AIM OF THE EXERCISE. Leave out pictures; repeat exactly the lines from the "A young girl" line through the last of the data below.

DATASET EXTRACT.
• • • • •
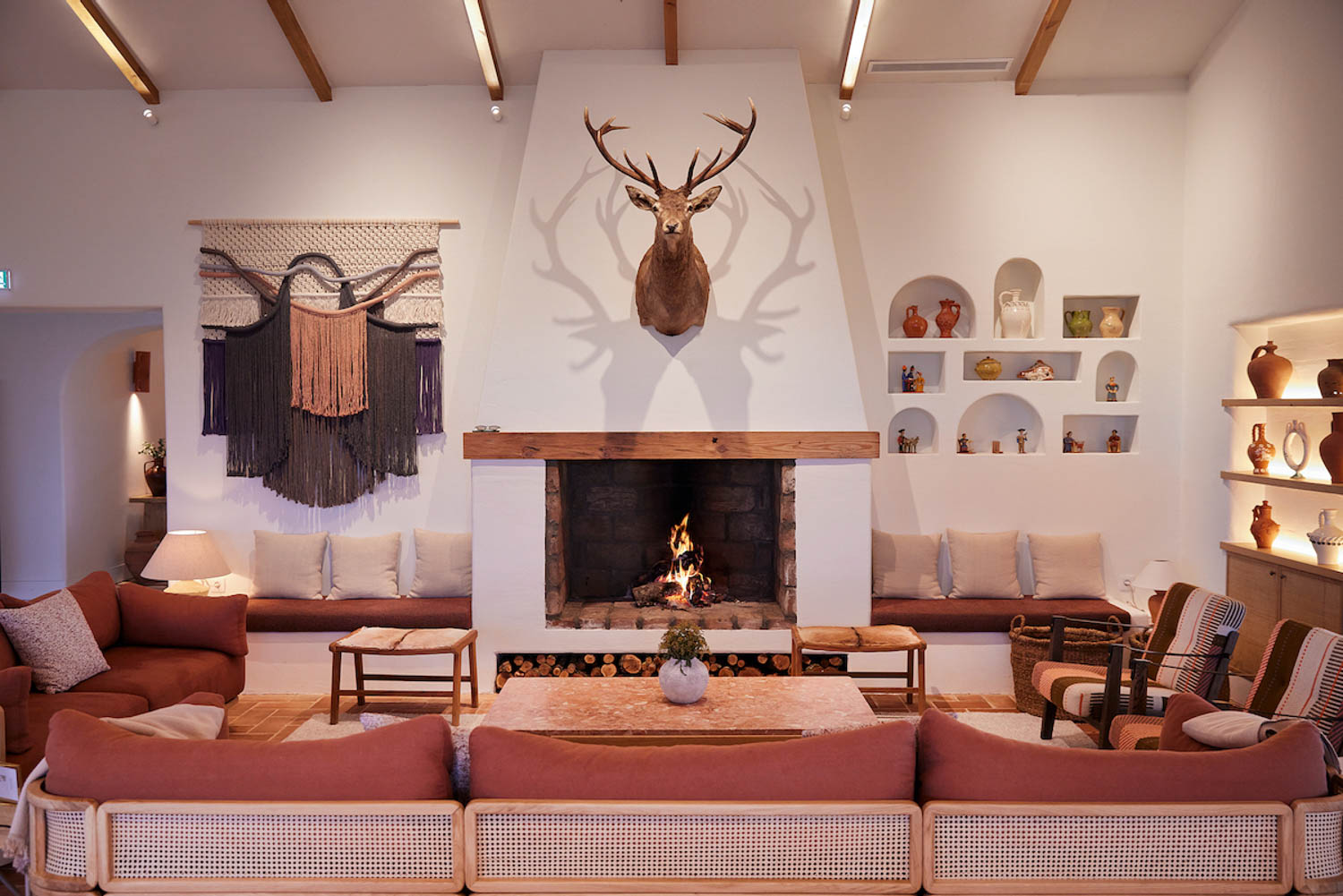 living room with white fireplace, orange sofa and deer head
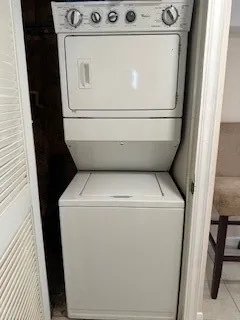 a view of a room that has a window in it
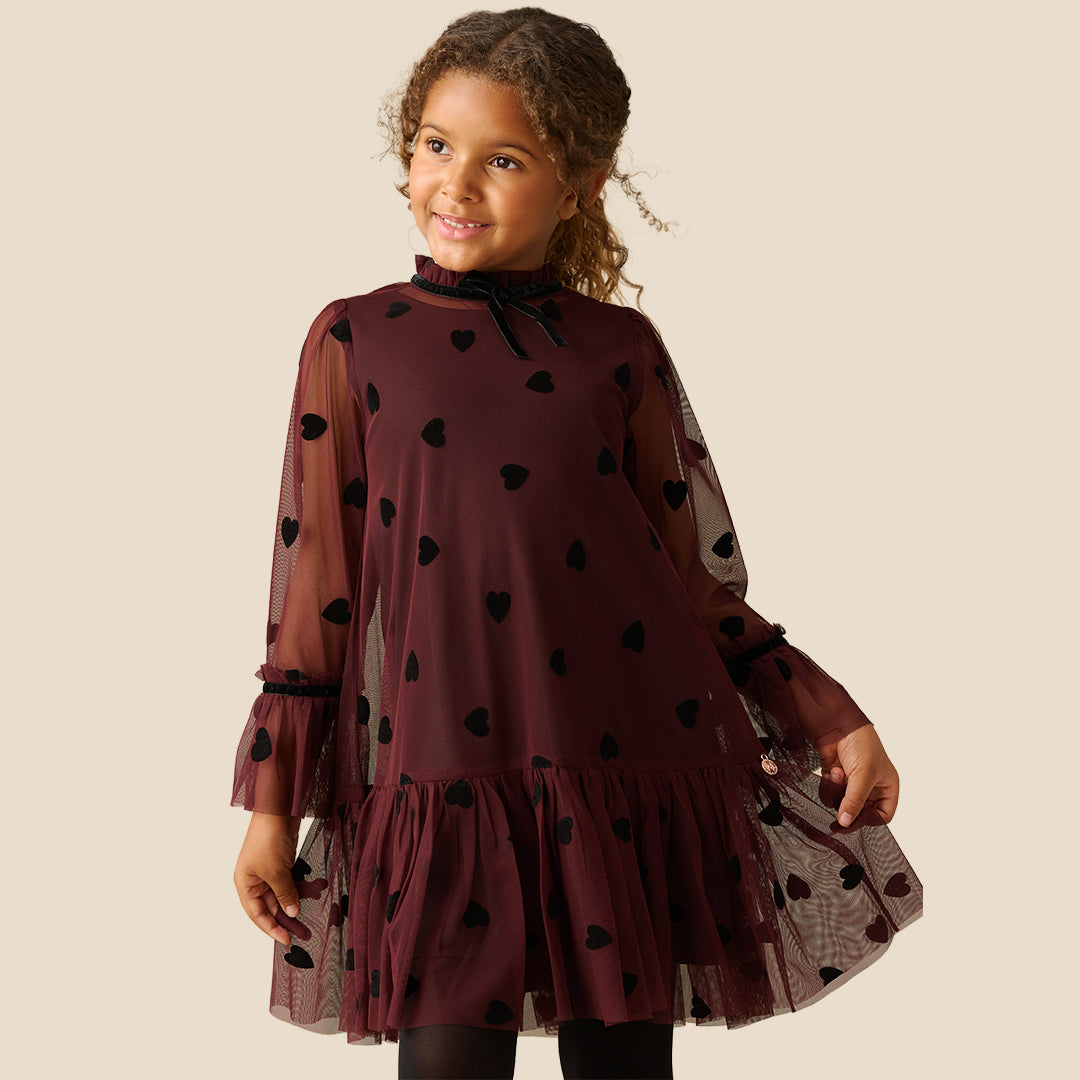 A young girl with curly brown hair wearing a burgundy sheer mesh dress with black heart patterns and a ruffled tulle hem, standing against a solid beige background.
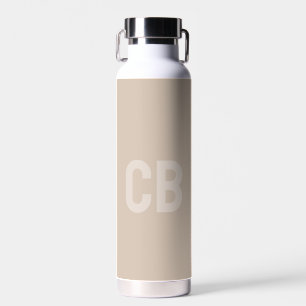 Agua Color de tendencia Taupe suave Monograma Botella d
• • • • •
PROBLEM SOLUTION.
 A young girl with curly brown hair wearing a burgundy sheer mesh dress with black heart patterns and a ruffled tulle hem, standing against a solid beige background.
 Agua Color de tendencia Taupe suave Monograma Botella d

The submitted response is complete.